• _The input_:
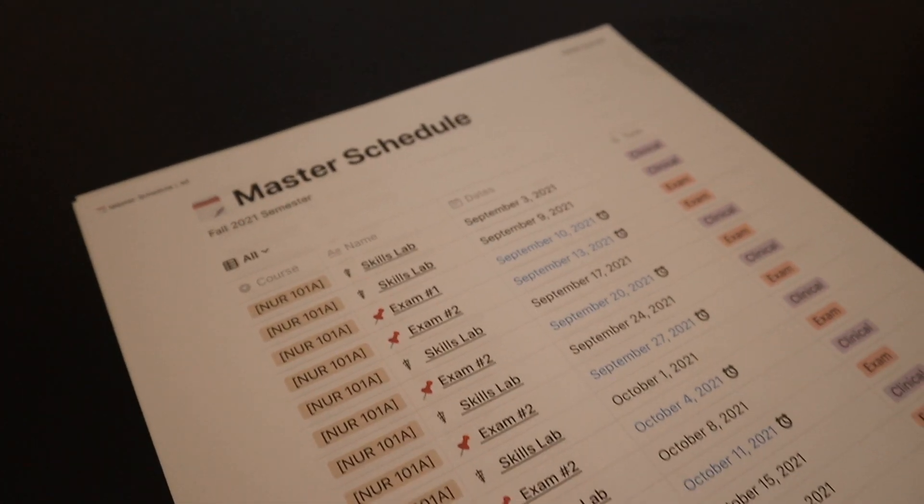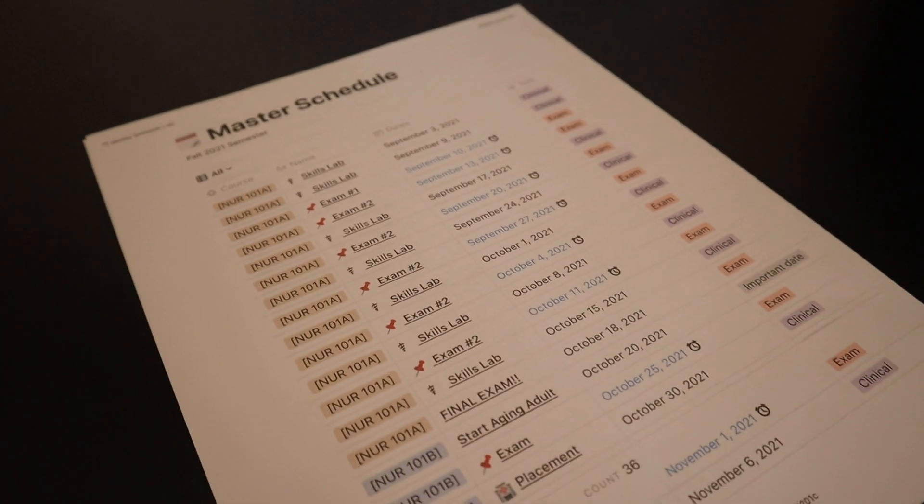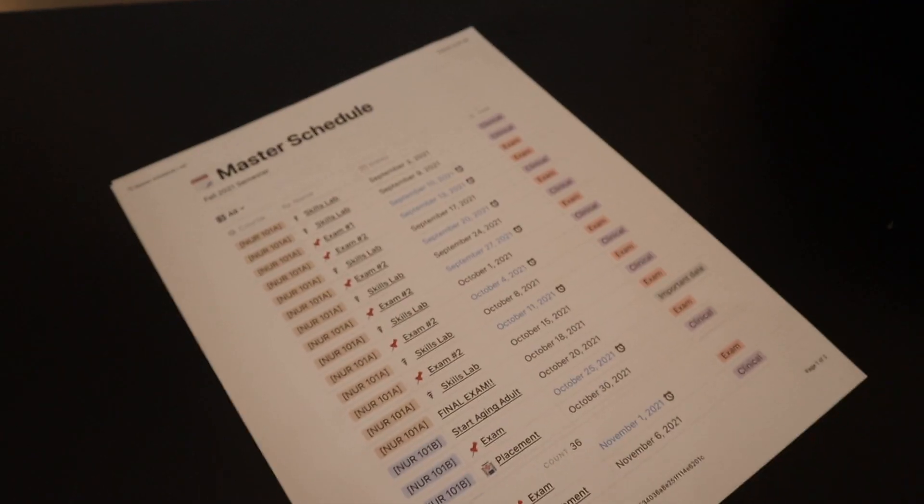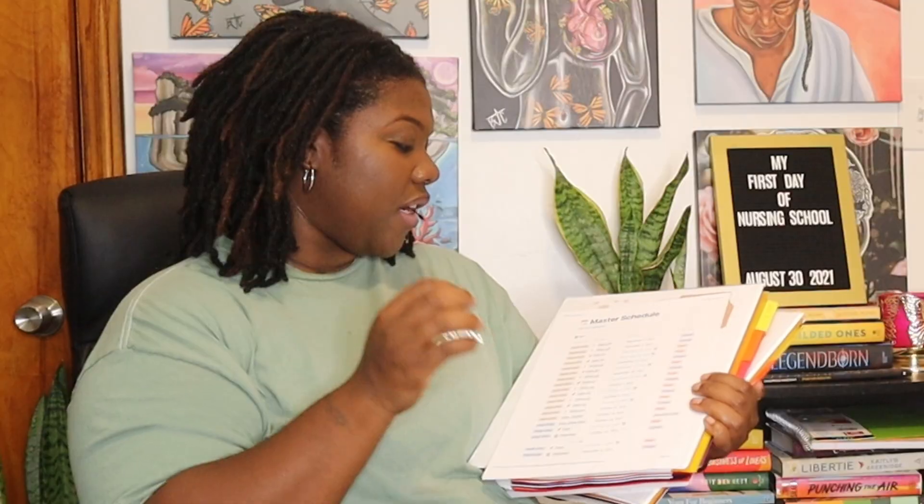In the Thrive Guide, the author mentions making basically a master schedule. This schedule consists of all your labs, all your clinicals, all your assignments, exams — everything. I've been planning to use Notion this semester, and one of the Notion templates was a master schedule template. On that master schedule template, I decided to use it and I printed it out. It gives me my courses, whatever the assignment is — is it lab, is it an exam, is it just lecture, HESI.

...

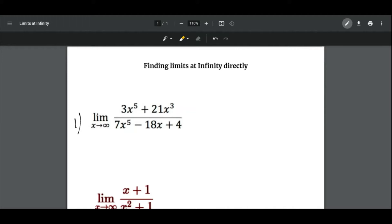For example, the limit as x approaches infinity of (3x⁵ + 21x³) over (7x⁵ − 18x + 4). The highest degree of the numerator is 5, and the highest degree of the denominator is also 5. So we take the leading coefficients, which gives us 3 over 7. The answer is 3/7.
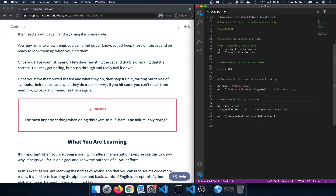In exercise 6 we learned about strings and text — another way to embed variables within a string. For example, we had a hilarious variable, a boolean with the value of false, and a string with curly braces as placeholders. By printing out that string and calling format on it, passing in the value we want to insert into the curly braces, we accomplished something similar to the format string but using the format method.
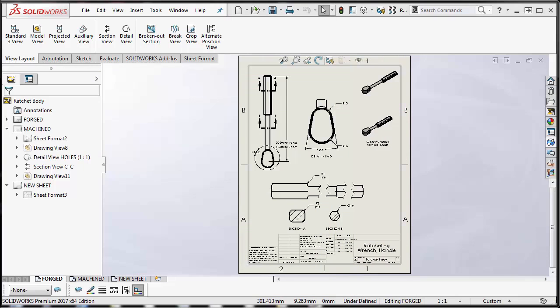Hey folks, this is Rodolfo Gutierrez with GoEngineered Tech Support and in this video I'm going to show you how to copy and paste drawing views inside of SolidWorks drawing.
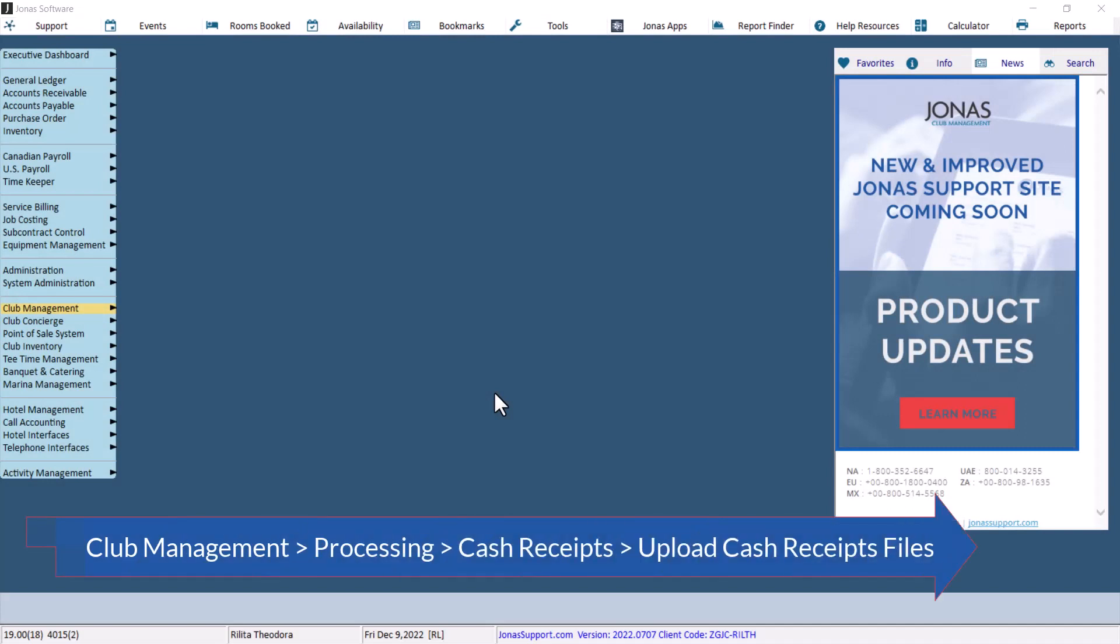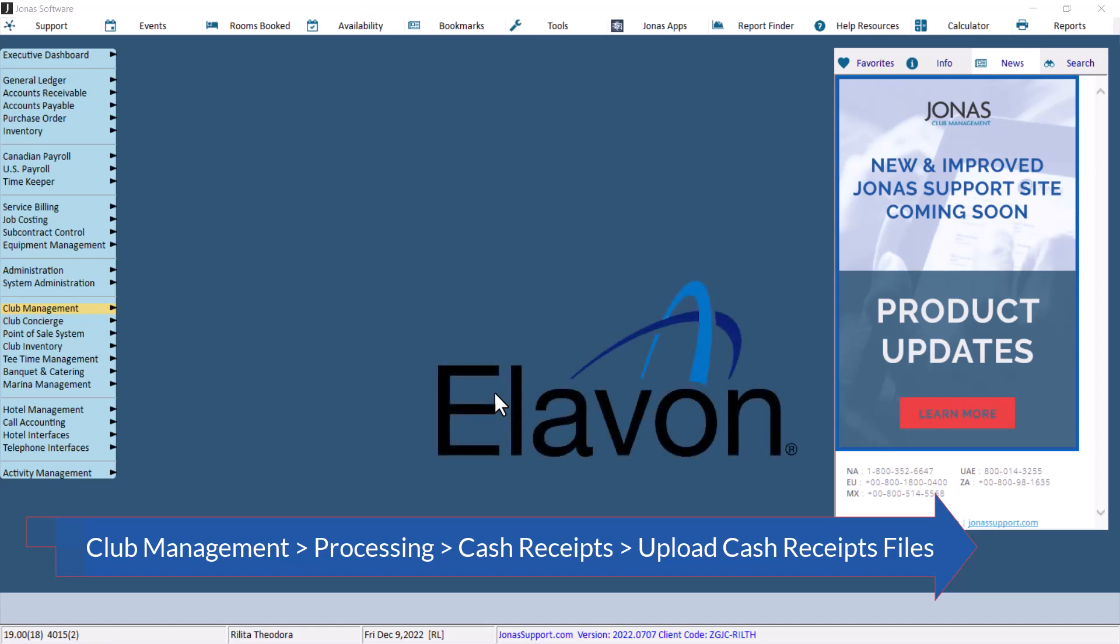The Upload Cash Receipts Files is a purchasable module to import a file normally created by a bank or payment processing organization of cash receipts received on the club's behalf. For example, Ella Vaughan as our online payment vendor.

...

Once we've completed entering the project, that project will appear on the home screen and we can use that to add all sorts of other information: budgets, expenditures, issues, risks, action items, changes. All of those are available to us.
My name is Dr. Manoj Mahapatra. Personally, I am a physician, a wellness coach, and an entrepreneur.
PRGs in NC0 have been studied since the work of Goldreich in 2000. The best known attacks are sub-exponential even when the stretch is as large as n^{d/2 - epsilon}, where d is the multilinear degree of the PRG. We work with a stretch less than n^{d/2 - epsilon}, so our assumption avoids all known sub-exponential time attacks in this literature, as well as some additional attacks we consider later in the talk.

• _Description of the task_: When copying from the data above, begin at the line containing "Hey folks, this" and end at the line containing "The Upload Cash"; return those lines exactly and leave all pictures behind.

• _Task solution_:
Hey folks, this is Rodolfo Gutierrez with GoEngineered Tech Support and in this video I'm going to show you how to copy and paste drawing views inside of SolidWorks drawing.
The Upload Cash Receipts Files is a purchasable module to import a file normally created by a bank or payment processing organization of cash receipts received on the club's behalf. For example, Ella Vaughan as our online payment vendor.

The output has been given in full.